Other Tips to Follow

Hold the paddle properly–with one hand cover the ‘T’ end of the paddle, the other hand should be positioned at the base of the paddle on the shaft. This will give you the control you need to navigate. If you are unsure, ask your guide for the correct technique for holding the paddle.

Stay inside the boat–one of the most dangerous parts of whitewater rafting can happen if you are on the outside of the boat. The rapids can sweep you away in an instant, depending on where you are. Ask your guide for the proper way to keep yourself inside the raft should it hit a rock. They will give you specific instructions at the beginning of your trip.

Learn the proper swimming techniques–there are several resources you can check out before your trip in order to learn the proper swimming techniques in the event that you fall out of your raft and end up floating down the river. Asking your guide about this at the beginning of your journey is also a good idea.

Learn the commands–just like with boating, there are some commands and language that you should learn when whitewater rafting. Your guide or instructor will explain them all to you at the beginning before heading out into the water, be sure to listen and understand them, then you can be prepared for your next whitewater rafting trip.

Conclusion

Do NOT Panic! Now you know how to drive a boat in rough water. Be confident and never, ever panic when in a bad situation. This applies to boating in rough waters, whitewater rafting and life in general. Keeping a cool head and knowing how to control a situation can be the difference between life and death–literally.

 

Comments

  1. The video completely contradicts what the text above says.

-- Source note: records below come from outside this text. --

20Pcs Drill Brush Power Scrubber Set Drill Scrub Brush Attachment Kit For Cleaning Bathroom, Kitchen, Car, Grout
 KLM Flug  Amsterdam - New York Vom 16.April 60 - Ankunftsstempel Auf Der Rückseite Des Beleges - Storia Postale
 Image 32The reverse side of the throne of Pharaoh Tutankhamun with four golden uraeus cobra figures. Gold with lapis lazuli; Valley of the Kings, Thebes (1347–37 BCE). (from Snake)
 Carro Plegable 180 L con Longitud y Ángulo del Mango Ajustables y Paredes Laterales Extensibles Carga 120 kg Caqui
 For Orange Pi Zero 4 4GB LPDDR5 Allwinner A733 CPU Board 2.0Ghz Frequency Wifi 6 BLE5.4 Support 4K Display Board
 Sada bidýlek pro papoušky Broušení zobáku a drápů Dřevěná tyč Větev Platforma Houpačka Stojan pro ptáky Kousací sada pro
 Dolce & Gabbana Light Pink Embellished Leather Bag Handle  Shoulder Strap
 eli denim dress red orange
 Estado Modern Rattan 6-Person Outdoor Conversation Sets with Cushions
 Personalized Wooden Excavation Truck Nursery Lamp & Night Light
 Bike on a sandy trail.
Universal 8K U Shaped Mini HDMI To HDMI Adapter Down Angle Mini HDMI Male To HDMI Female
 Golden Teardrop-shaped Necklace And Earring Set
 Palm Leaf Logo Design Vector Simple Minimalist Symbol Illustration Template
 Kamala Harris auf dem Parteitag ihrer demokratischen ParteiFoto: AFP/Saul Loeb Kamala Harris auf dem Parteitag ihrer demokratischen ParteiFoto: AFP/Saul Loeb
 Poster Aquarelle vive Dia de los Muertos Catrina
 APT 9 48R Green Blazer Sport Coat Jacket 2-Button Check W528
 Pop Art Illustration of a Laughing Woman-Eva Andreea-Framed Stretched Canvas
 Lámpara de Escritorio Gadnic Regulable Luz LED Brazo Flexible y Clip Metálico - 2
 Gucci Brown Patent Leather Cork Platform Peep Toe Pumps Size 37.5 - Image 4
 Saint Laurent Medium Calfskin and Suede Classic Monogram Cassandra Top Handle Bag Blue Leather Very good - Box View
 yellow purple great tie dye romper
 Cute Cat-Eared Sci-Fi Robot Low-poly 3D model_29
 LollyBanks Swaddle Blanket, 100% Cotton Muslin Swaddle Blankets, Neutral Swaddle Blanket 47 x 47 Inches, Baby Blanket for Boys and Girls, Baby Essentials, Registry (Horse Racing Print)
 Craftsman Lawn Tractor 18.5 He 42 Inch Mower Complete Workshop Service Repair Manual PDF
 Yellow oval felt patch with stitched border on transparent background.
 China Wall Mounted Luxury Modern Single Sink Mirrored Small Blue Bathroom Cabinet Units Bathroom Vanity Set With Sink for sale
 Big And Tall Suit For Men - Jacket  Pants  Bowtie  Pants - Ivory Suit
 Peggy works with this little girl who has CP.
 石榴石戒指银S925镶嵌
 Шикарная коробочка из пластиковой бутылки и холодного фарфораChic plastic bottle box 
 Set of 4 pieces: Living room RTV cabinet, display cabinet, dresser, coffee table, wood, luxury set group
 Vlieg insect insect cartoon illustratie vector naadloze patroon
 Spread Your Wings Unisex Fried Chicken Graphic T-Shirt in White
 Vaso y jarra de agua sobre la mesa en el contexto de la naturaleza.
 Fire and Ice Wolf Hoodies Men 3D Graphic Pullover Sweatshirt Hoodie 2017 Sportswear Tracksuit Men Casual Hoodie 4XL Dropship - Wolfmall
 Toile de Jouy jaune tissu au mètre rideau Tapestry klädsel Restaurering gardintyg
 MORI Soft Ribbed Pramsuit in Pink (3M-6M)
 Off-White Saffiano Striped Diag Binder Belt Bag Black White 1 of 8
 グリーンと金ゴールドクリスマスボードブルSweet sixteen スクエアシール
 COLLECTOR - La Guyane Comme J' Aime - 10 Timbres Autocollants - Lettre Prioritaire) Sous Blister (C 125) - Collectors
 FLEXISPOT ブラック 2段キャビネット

    Text: ” Instead of heading straight into the waves, position your bow at a 45-degree angle when heading into the waves.”

    Video: “Never, ever, head into the waves at a 45-degree angle.”

    Which info is correct??

  2. Author

    Thank you, Mike, for your Valuable comment. I’m sorry for those two different statements. Actually, in that video, he expressed his opinion and that was for smaller and manageable waves. Facing the waves at a 45-degree angle will definitely reduce the impact on your boat.
    Thanks again for correcting me.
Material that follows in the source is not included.